東洋大の名スカウト佐藤尚コーチ慰労会にMGC獲得選手ら集結

スポーツ報知
今月末で退任する東洋大陸上部の佐藤尚コーチ(中央)の慰労会が行われ、MGC出場権を持つ設楽悠太(左)、山本浩之(右)

 3月末で退任する東洋大陸上競技部の佐藤尚コーチ(65)を慰労する会が23日、埼玉・川越市内のホテルで行われ、名スカウトとしてならした佐藤コーチが勧誘した選手約200人が大集結した。2020年東京五輪マラソン代表選考会(MGC、9月15日)の出場権を獲得した男子30人の中で、大学別出身では4人を輩出した東洋大が最多。10日のびわ湖毎日マラソンでMGC出場権を獲得した山本浩之(32)=コニカミノルタ=、マラソン前日本記録保持者の設楽悠太(27)=ホンダ=のMGC進出選手も駆けつけた。

 東洋大は箱根駅伝で2009年に初優勝を遂げた後、3位となった今年まで11年年連続で3位以内という抜群の安定感を誇る。佐藤コーチは酒井俊幸監督(42)とともにチーム強化に努めた。25年間の指導者生活で、特に手腕を発揮したのが、選手スカウトだった。

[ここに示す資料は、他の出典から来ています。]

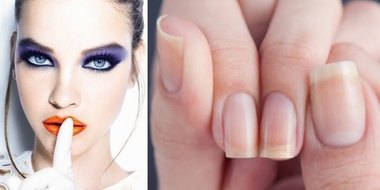 Заусенцы: причины возникновения и как от их избавиться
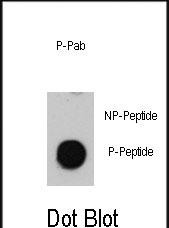 Rabbit Polyclonal Antibody to Phospho-ATM(S1981)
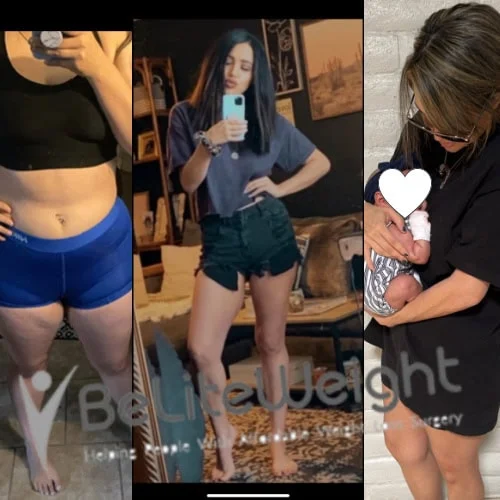 Weight Loss Surgery Before And After Devon F - 2 Year Update*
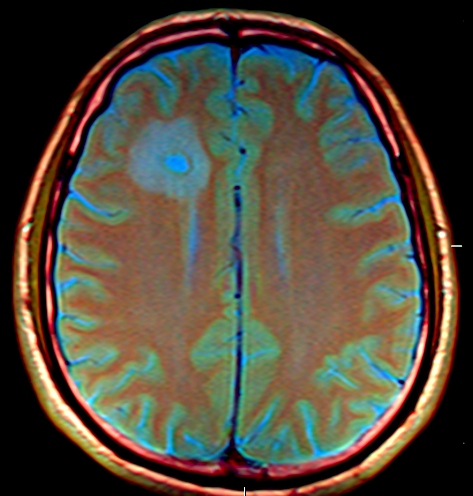 Metastasi cerebrali su RM multiparametrica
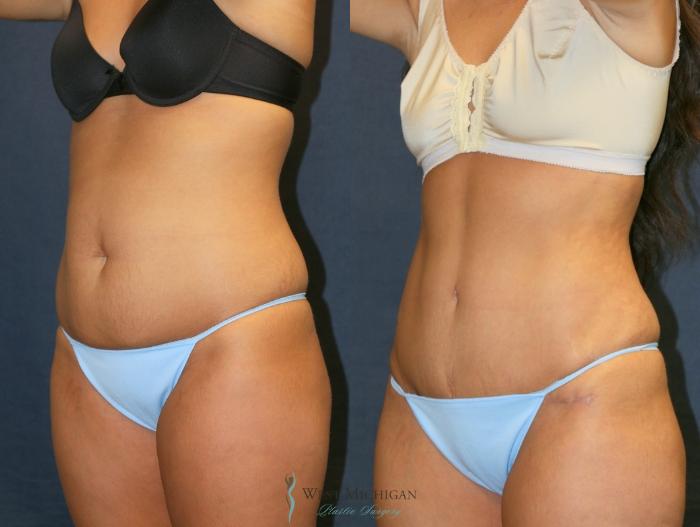 Before & After Tummy Tuck Case 9331 Left Oblique View in Kalamazoo & Grand Rapids, Michigan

 福島・いわき総合高時代は卒業間際の全国都道府県駅伝1区で区間賞を奪うまで全国的にはほぼ無名だった「2代目・山の神」柏原竜二さん(29)をいち早く勧誘。2016年リオ五輪で日本男子マラソン史上最年長代表となった石川末広(39)=ホンダ=、同じくリオ五輪男子マラソン代表の北島寿典(34)=安川電機=や埼玉・川口北時代はサッカー部員だった山本浩ら高校時代は全国区ではなかった“才能の原石”を見いだした。今年の箱根駅伝8区3位と健闘した鈴木宗孝(1年)も神奈川・氷取沢高時代は長距離部員が4人しかいなかったため、駅伝経験がない異色の選手。さらには「知将」と呼ばれる酒井監督もかつては佐藤コーチが東洋大に勧誘した教え子だった。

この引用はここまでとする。